Innovation Advantage
The Nordic region’s economies place high on global innovation rankings. Sweden, Denmark and Finland place consistently among the top ten.
While each has its distinctive traits and assets, the Nordic countries share several elements in common. These include highly educated societies, with less income inequality than most developed economies; high-quality universities; strength in technology; and an industrial base that includes robust apprenticeship programs. Sector strengths in their economies build on this foundation. All of the Nordic countries have small populations with correspondingly small domestic markets, which makes thinking globally a necessity. From the outset, many Nordic companies and their governments tend to look outward when it comes to global competition and markets.
Startup Hubs
The startup bridge to the Bay Area is anchored in a handful of major cities that have emerged as key startup and entrepreneurial hubs. These the places where the Bay Area’s European startups primarily come from and where future partnerships are most likely to develop. Stockholm is one of Europe’s five leading startup centers. Helsinki and Copenhagen also figure prominently. All Nordic capitals, including Oslo and Reykjavik, are developing increasingly robust and active startup environments.
From Startup to Scaleup
A 2016 Startup Europe Partnership (SEP) analysis of ICT scaleups in the five Nordic countries (“Northern Lights: ICT Scaleups in the Nordics”) identifies 430 (defined for SEP’s analysis as companies that have raised more than USD 1 million) and have together attracted USD 6.5 billion in investment. Sweden accounts for the largest number with 149, and USD 3.4 billion in investment. This puts the total number of Nordic scaleups on a par with the UK, and with Germany and France together.

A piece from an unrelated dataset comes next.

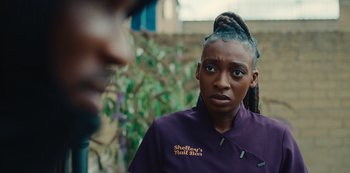 Movie still from “Top Boy” (2011), created by Ronan Bennett – A woman in a purple jacket looking at a man in a purple jacket; Close Up shot, Over the shoulder angle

Some of these companies have become global players, including Supercell, Spotify, King.com, Klarna, iZettle and Zendesk. Gaming is a particularly strong sector, but a growing number of companies can also be found in software, digital media, fintech, and hardware. Twenty Nordic scaleups have moved their headquarters abroad, primarily (75 percent) to the US, with the balance in leading European centers such as London and Berlin; most continue to maintain significant operations in their home countries.

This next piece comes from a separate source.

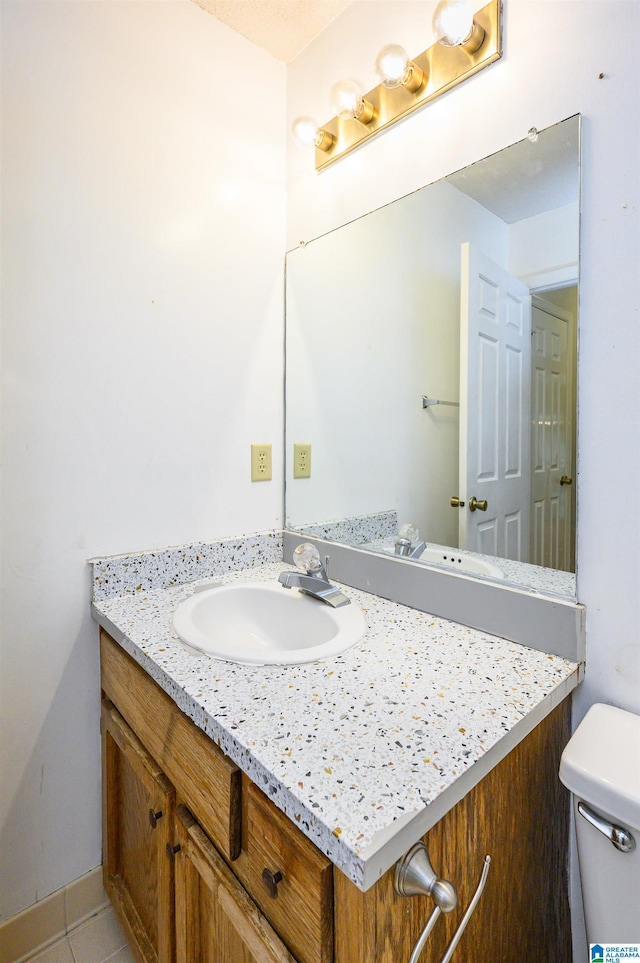 half bath with tile patterned flooring, vanity, and toilet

The lion’s share of this activity is occurring in major cities: Stockholm (with USD 3 billion raised by 90 scaleups), followed by Copenhagen (USD 1billion raised by 70 scaleups), Helsinki (USD .8 billion raised by 83 scaleups), Oslo (USD .4 billion raised by 33 scaleups), and Reykjavik (USD .1 billion raised by 13 scaleups).

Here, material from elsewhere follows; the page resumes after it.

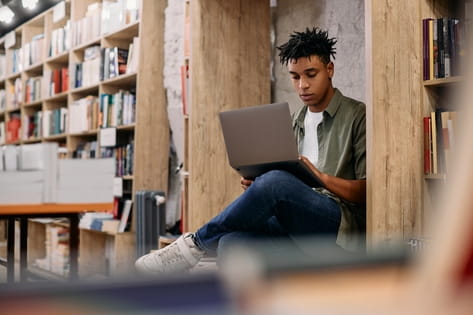 A young male student works on his laptop amongst bookshelves in a university library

Sweden in particular sits prominently on Europe’s investment map. In 2016 the UK, France, Germany and Sweden led Europe in both the number of investment deals and investment volume, with the greatest jumps in funding from 2015 registered in France and Sweden. In 2016, Sweden saw a record number of investment rounds and capital raised—twice the number of 2015.
Sector Strengths
The Nordic region’s economies stand out as early adopters of cloud computing, enhancing their innovative capacity and digital competitiveness. Finland, with strong IT, telecommunications, and mobile gaming sectors, has Europe’s highest rate of cloud adoption; by one estimate, half of Finland’s economic activity will be digital by 2025. Sweden and Denmark join Finland on the short list of Europe’s top adopters.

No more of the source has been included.